### Source material ###

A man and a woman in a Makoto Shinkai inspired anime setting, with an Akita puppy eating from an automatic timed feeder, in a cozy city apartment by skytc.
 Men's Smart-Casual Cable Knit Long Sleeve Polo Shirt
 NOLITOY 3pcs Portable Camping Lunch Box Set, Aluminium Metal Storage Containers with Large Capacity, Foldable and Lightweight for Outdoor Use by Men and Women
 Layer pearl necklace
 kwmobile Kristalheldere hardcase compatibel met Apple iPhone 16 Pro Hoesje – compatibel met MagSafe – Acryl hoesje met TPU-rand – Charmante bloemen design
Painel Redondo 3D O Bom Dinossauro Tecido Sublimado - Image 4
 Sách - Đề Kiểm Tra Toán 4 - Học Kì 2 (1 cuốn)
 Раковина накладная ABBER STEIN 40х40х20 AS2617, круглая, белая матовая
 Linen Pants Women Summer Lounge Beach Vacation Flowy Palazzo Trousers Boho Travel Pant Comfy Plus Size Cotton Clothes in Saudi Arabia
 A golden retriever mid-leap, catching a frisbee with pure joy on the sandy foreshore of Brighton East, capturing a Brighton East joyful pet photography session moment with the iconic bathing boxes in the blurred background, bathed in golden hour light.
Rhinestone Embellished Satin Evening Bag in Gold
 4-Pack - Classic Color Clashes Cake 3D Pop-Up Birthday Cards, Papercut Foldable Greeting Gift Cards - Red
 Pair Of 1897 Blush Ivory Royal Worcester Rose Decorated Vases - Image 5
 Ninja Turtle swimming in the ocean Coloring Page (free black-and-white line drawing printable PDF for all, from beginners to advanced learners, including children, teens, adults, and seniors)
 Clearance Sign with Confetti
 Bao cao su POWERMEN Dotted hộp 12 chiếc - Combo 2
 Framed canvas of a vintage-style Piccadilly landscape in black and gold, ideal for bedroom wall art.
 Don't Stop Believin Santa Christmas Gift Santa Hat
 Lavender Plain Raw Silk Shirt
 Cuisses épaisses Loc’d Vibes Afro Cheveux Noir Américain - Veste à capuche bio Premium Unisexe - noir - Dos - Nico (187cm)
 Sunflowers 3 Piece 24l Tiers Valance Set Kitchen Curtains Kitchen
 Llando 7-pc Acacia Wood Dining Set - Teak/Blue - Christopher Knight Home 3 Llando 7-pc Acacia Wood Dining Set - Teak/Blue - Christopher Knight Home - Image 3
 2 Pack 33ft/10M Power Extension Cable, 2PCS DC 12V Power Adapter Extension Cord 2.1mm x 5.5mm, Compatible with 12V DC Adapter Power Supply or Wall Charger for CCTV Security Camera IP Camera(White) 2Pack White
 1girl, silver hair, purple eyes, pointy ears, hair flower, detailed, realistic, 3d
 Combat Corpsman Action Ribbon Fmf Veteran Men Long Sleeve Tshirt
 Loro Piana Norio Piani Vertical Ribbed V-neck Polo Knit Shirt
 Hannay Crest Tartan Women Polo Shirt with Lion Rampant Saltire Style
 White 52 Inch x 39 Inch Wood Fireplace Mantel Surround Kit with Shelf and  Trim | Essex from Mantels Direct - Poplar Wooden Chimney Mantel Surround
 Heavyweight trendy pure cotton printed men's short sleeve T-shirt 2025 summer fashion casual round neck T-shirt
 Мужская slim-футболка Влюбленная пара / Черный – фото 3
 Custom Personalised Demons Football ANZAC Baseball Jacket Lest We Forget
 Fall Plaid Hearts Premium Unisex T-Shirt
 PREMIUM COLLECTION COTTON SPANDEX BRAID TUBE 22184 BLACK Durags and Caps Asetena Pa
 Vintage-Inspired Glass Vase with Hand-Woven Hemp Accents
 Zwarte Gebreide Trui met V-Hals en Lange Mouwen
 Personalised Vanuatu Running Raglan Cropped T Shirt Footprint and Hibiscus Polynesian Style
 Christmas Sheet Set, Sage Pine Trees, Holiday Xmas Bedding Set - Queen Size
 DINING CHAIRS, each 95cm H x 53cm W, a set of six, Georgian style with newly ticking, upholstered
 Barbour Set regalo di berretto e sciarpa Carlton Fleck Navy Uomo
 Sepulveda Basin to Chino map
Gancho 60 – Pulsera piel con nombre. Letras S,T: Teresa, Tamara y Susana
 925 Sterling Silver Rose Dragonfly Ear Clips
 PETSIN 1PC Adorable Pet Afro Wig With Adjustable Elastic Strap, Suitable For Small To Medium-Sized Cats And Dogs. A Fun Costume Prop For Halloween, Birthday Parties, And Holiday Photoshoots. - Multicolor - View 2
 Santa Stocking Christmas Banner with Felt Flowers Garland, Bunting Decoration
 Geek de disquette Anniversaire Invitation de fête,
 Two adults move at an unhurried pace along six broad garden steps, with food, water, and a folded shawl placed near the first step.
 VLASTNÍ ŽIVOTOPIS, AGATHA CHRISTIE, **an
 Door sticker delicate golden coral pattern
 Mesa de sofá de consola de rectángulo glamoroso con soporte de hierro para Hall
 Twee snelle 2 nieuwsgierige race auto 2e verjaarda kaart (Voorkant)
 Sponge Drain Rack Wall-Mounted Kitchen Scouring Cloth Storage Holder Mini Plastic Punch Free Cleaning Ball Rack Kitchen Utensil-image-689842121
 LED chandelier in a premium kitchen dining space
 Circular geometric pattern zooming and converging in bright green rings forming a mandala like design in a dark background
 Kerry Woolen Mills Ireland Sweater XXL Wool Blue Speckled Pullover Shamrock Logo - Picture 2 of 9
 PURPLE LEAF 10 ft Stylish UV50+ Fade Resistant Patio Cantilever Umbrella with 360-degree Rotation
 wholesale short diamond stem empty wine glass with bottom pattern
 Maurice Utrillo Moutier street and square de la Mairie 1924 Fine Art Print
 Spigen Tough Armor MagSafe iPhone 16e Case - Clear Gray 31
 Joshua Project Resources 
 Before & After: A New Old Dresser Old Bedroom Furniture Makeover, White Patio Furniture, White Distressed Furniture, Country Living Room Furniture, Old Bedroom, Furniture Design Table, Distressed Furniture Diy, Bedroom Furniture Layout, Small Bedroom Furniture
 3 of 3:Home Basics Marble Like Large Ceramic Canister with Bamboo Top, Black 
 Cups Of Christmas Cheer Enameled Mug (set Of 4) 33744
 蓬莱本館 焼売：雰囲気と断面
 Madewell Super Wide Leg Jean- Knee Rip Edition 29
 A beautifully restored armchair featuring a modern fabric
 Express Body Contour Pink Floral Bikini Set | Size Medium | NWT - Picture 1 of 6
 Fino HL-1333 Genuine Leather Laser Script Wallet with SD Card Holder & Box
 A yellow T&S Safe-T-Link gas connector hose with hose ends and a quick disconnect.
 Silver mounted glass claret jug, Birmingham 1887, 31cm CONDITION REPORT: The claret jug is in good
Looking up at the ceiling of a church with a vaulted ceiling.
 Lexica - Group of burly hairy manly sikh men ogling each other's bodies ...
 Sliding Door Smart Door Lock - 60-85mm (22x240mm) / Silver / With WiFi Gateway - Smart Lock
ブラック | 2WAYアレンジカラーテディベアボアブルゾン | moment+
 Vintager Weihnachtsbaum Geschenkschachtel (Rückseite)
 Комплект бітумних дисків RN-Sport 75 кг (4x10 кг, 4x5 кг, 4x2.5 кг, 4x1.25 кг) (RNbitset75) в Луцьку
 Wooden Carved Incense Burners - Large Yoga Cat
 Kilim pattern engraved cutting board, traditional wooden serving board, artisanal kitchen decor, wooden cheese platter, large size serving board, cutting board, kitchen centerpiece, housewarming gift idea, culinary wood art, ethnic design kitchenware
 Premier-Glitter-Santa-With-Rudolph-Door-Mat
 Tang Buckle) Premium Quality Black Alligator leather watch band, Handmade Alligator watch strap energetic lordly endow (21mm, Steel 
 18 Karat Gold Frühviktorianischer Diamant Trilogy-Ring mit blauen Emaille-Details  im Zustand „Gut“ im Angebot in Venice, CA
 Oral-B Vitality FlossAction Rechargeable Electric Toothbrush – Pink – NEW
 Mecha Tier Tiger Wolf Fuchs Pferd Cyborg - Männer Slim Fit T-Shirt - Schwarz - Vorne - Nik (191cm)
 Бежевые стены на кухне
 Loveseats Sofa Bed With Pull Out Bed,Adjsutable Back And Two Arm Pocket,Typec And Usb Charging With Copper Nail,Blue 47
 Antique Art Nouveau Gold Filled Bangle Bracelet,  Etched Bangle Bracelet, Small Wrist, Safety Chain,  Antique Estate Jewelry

###

Taking the lines above, repeat exactly those from the line that contains "Men's Smart-Casual Cable" through the line that contains "Home - Image 3", and both of those lines as well. Include nothing else.

 Men's Smart-Casual Cable Knit Long Sleeve Polo Shirt
 NOLITOY 3pcs Portable Camping Lunch Box Set, Aluminium Metal Storage Containers with Large Capacity, Foldable and Lightweight for Outdoor Use by Men and Women
 Layer pearl necklace
 kwmobile Kristalheldere hardcase compatibel met Apple iPhone 16 Pro Hoesje – compatibel met MagSafe – Acryl hoesje met TPU-rand – Charmante bloemen design
Painel Redondo 3D O Bom Dinossauro Tecido Sublimado - Image 4
 Sách - Đề Kiểm Tra Toán 4 - Học Kì 2 (1 cuốn)
 Раковина накладная ABBER STEIN 40х40х20 AS2617, круглая, белая матовая
 Linen Pants Women Summer Lounge Beach Vacation Flowy Palazzo Trousers Boho Travel Pant Comfy Plus Size Cotton Clothes in Saudi Arabia
 A golden retriever mid-leap, catching a frisbee with pure joy on the sandy foreshore of Brighton East, capturing a Brighton East joyful pet photography session moment with the iconic bathing boxes in the blurred background, bathed in golden hour light.
Rhinestone Embellished Satin Evening Bag in Gold
 4-Pack - Classic Color Clashes Cake 3D Pop-Up Birthday Cards, Papercut Foldable Greeting Gift Cards - Red
 Pair Of 1897 Blush Ivory Royal Worcester Rose Decorated Vases - Image 5
 Ninja Turtle swimming in the ocean Coloring Page (free black-and-white line drawing printable PDF for all, from beginners to advanced learners, including children, teens, adults, and seniors)
 Clearance Sign with Confetti
 Bao cao su POWERMEN Dotted hộp 12 chiếc - Combo 2
 Framed canvas of a vintage-style Piccadilly landscape in black and gold, ideal for bedroom wall art.
 Don't Stop Believin Santa Christmas Gift Santa Hat
 Lavender Plain Raw Silk Shirt
 Cuisses épaisses Loc’d Vibes Afro Cheveux Noir Américain - Veste à capuche bio Premium Unisexe - noir - Dos - Nico (187cm)
 Sunflowers 3 Piece 24l Tiers Valance Set Kitchen Curtains Kitchen
 Llando 7-pc Acacia Wood Dining Set - Teak/Blue - Christopher Knight Home 3 Llando 7-pc Acacia Wood Dining Set - Teak/Blue - Christopher Knight Home - Image 3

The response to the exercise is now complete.